Gemeinsam mit Sethur schlich er durch die dunklen Straßen Gedors. Jetzt, kurz vor Sonnenaufgang, wirkte die Stadt kaum lebendiger als Abbadon.
Yonathan hatte in der vergangenen Nacht wenig geschlafen. Zu viel war ihm durch den Kopf gegangen: Die letzten vierundzwanzig Stunden hatten viel Aufregendes mit sich gebracht – Yomi fand seine Eltern wieder und Sethurs deutlicher Sinneswandel ließ ihn zu einem akzeptierten Mitglied ihrer kleinen, verschworenen Gemeinschaft werden. Und dann wusste Yonathan noch um das, was vor ihm lag – wenigstens ungefähr. All dies genügte, um ihm den Schlaf zu rauben.
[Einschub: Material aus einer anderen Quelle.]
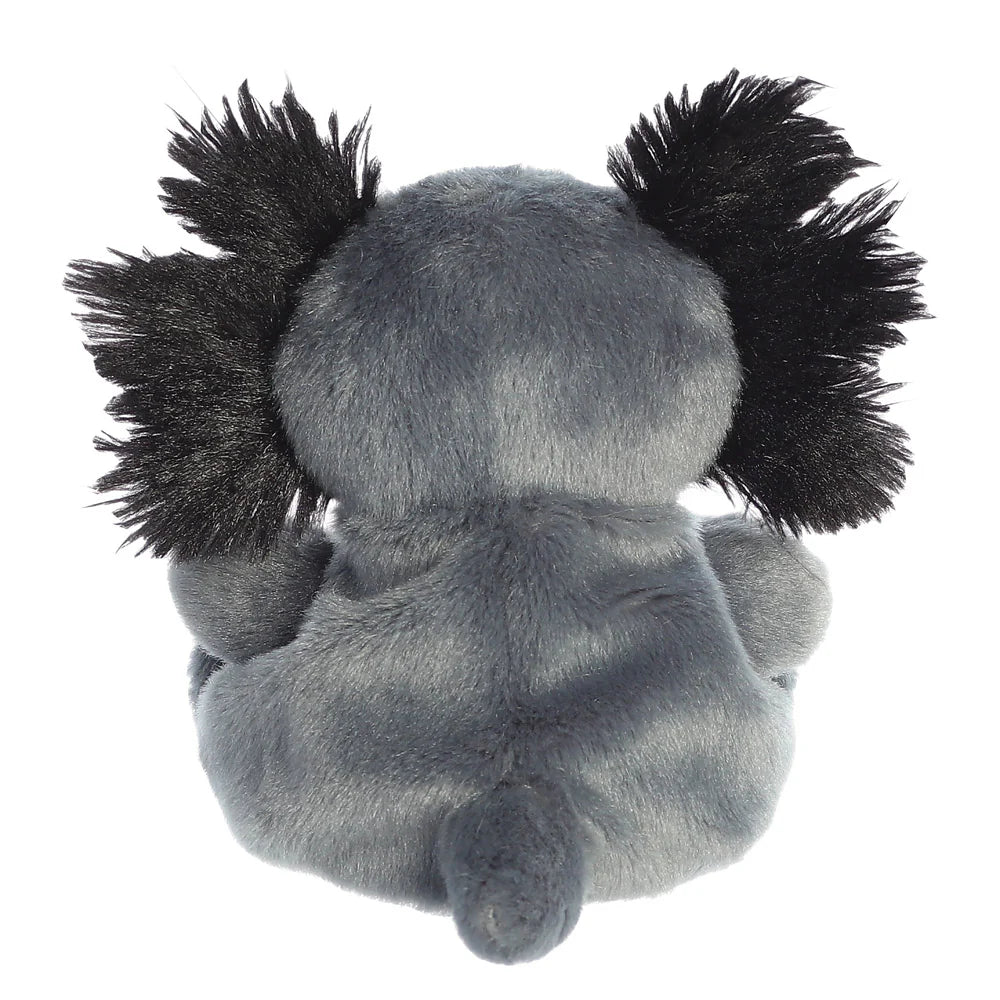 Palm Pals Onyx Axolotl 12cm Soft Toy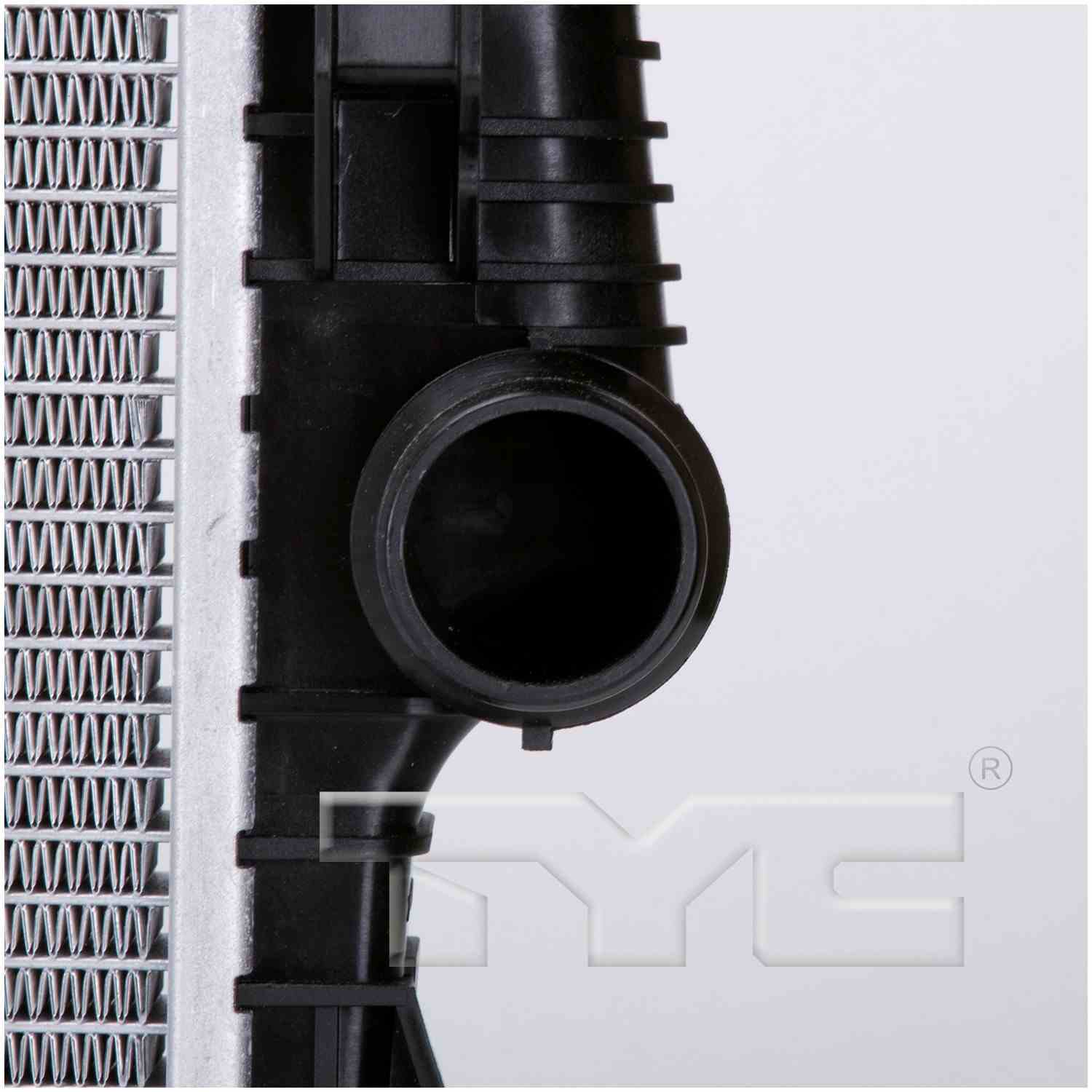 Angle View of Radiator TYC 13551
Zu gerne hätte er noch mehr Wissen über die Schliche Bar-Hazzats gesammelt. Noch immer war ihm nicht völlig klar, wie er den dunklen Herrscher besiegen konnte. Benels Mahnung hatte seine Gedanken immerhin auf den richtigen Kurs gebracht, das spürte er.
Bodennebel kroch über den nackten Fels, der Sethurs Anwesen mit dem Schwarzen Turm verband. Der Weg stieg leicht an. Yonathan musste sich zu jedem Schritt zwingen. Ob Bar-Hazzat ihn wohl erwartete? Ob er ihn sehen konnte, wie er sich hier im vermeintlichen Schutz der Dunkelheit anpirschte?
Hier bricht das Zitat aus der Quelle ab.